Verifying participant-reported clinical outcomes: challenges and implications

BACKGROUND: Researchers often rely on trial participants to self-report clinical outcomes (for example, fractures, re-operations). Little information exists as to the ‘accuracy’ of participant-reported clinical outcomes, particularly in randomised controlled trials (RCTs). To help address this evidence gap, we report four case studies, nested within different RCTs where participant-reported clinical outcome data were compared with those reported by clinicians or extracted from medical notes.
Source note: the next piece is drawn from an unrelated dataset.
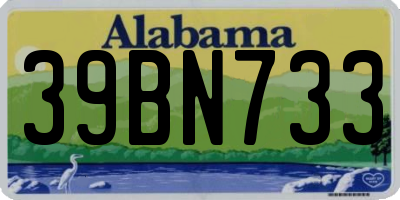 AL license plate 39BN733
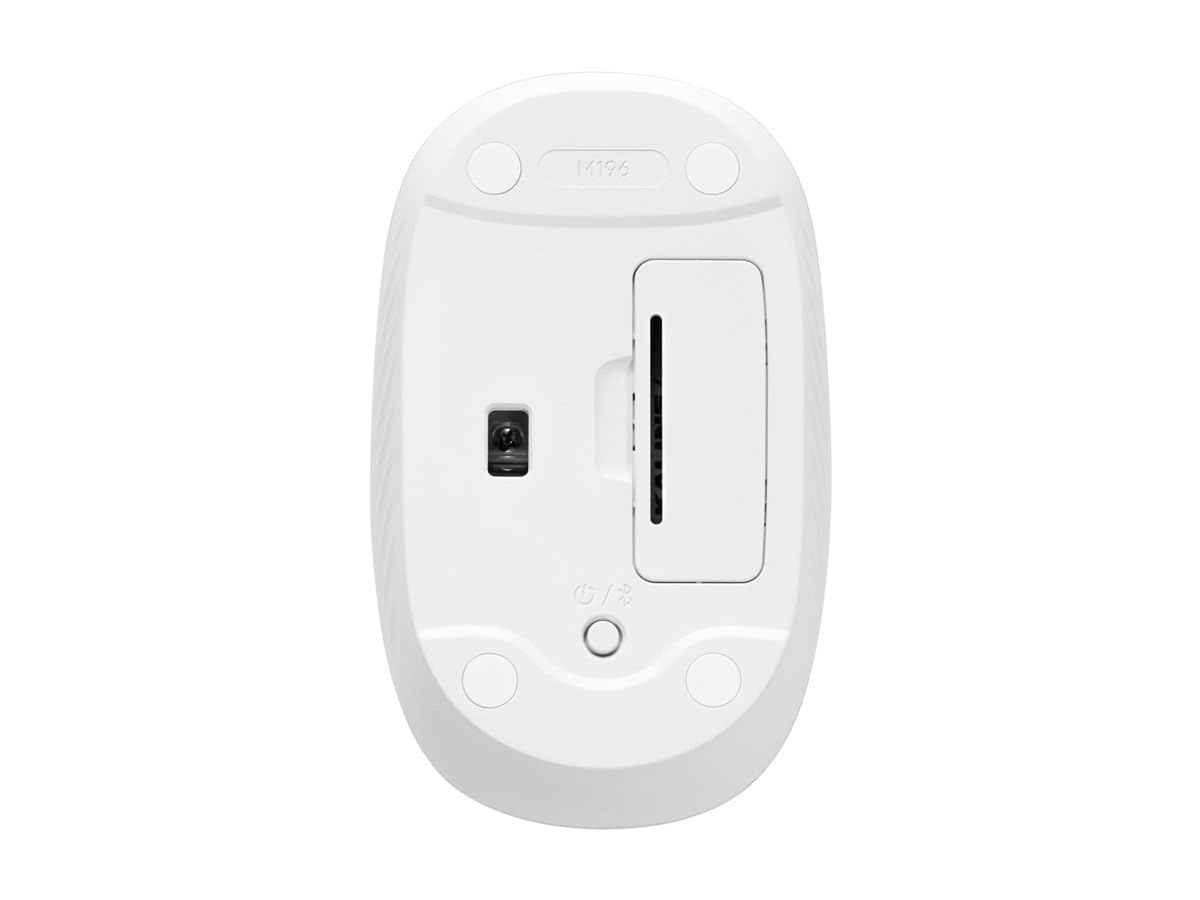 Logitech M196 Bluetooth bezprzewodowa mysz, kompaktowa i przenośna mysz do laptopów, tabletów, 12-miesięczna bateria, płynne śledzenie ruchu, kompatybilna z komputerami PC i Mac, Windows i macOS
METHODS: Four publicly-funded RCTs with different methods of verifying participant-reported outcomes were identified. In KAT, the participants were asked about hospital admissions for any reason. Where it was thought to be relevant to the trial knee, further information was sought from the lead surgeon at the admitting site to confirm whether or not the admission was relevant to the trial knee. In REFLUX, participants were asked about hospital admissions for any reason. For participants who reported a re-operation, further information was sought from the lead surgeon at the admitting site to confirm this. In RECORD, participants were asked three questions regarding broken bones. Where low-trauma fractures were reported, clinical verification was sought, initially from the research nurse at the site. In CATHETER, participants were asked about urinary tract infections (UTIs), and a prescription of antibiotics was provided for the treatment of UTIs following urethral catheterisation. The GPs of those who reported a UTI were contacted to confirm that an antibiotic prescription had been issued for the suspected UTI. RESULTS: In KAT, 397 of 6882 (6%) participant-reported hospital admissions were confirmed as relevant to the trial knee. In REFLUX, 16 of 19 participants (84%) who appeared to have had a re-operation were confirmed as having had one. In RECORD, 473 of 781 (61%) fractures reported by participants were confirmed as being low-trauma fractures. In CATHETER, 429 of 830 participant-reported UTIs (52%) were confirmed as such by the GPs. CONCLUSIONS: We used different approaches in our verification of participant-reported outcomes in clinical trials, and we believe there is no one optimal solution. Consideration of issues such as what information is sought from participants, the phrasing of questions, whether the medical records are a true ‘gold standard’ and costs and benefits to the RCT may help determine the appropriate approach.